Question

In which radical odd electron is in pure orbital \[N{O_2},{\text{ }}Cl{O_2},{\text{ }}C{H_3},{\text{ }}Cl{F_3}\]?

Answer 1

Hint: We need to know and study pure orbitals and hybrid orbitals. In the valence bond theory, orbital hybridization is the notion of mixing atomic orbitals to generate new hybrid orbitals appropriate for electron pairing to form chemical bonds.

Complete answer:
Atomic orbitals containing electrons are known as pure orbitals. These aren't hybrid orbitals, which are mixed orbitals. Because electrons are constantly moving about the atomic nucleus, the orbital indicates the most likely position of electrons in an atom.

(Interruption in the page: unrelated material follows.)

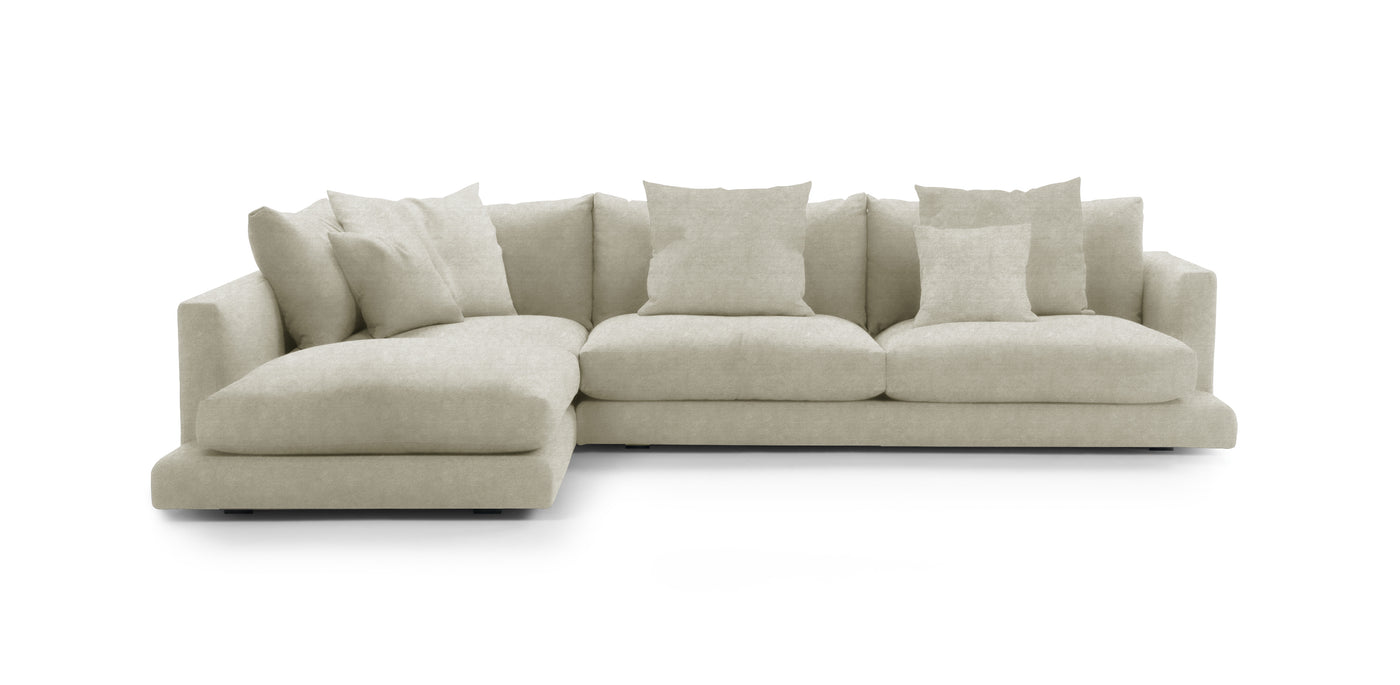 Mainland 297 Velvet L-shape Sofa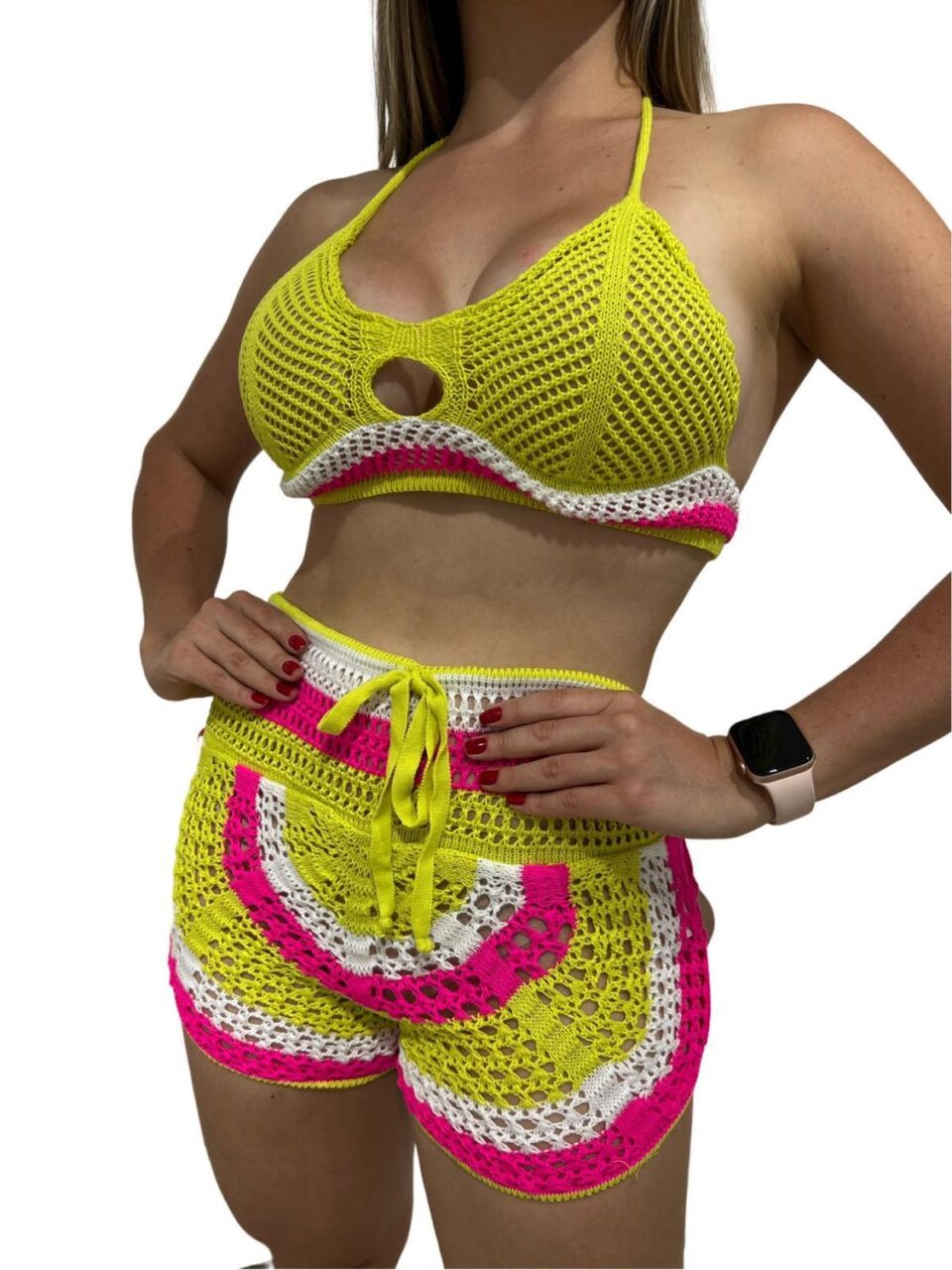 Short Top Cropped Moda Praia ...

This offers an area where the electron can occur at a certain moment rather than a set place.
Hybrid orbitals are molecular orbitals that develop when atomic orbitals are mixed together. These are only fictitious orbitals. The mixing takes place between the same atom's atomic orbitals. In order to create a covalent chemical connection with another atom, this mixing takes place. The outcome of this mixing is a process known as "orbital hybridization," which produces hybrid orbitals. These orbitals are named for the atomic orbitals that are hybridized.
We draw the orbitals of the given compounds to find the radical in which the odd electron is in the pure orbital.

From the given orbital diagrams above, it is clear that odd electrons of $Cl{O_2}$are in the pure orbital.

Note:
Note that the primary distinction between pure and hybrid orbitals is that pure orbitals are the initial atomic orbitals, whereas hybrid orbitals are created by combining two or more atomic orbitals.